About this task
Your answer should repeat exactly the lines from the one holding "2-030G, переходник 6.35мм" through the end of the data, and it should contain no pictures.

Recorded information
--------------------------------------------------
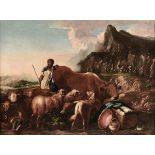 Salvatore Castiglione (Genova 1620 - dopo 1676), Paesaggio bucolico con animali olio su tela, cm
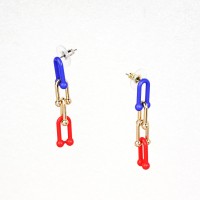 Acrylic & Copper & Stainless Steel Needle  Fashion Earrings  Weight:5.2g  E:17x8mm  GEE000259aajl-Y08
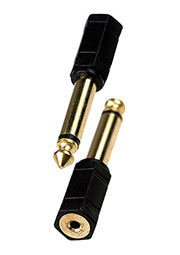 2-030G, переходник 6.35мм штекер моно - 2.5мм гнездо моно пластик "позол."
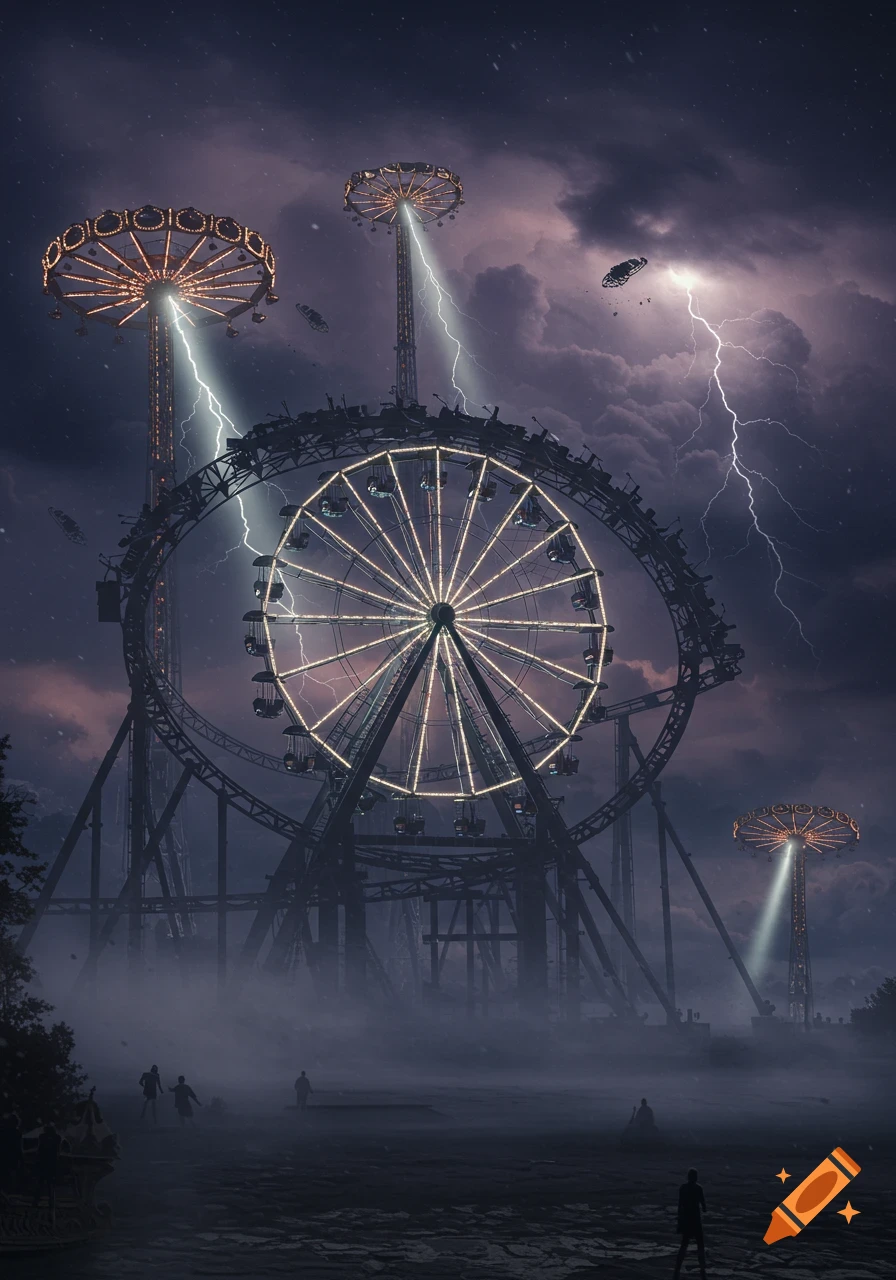 A dreamlike, spooky amusement park at night with an illuminated ferris wheel, swing rides, and lightning.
--------------------------------------------------
Your solution
 2-030G, переходник 6.35мм штекер моно - 2.5мм гнездо моно пластик "позол."
 A dreamlike, spooky amusement park at night with an illuminated ferris wheel, swing rides, and lightning.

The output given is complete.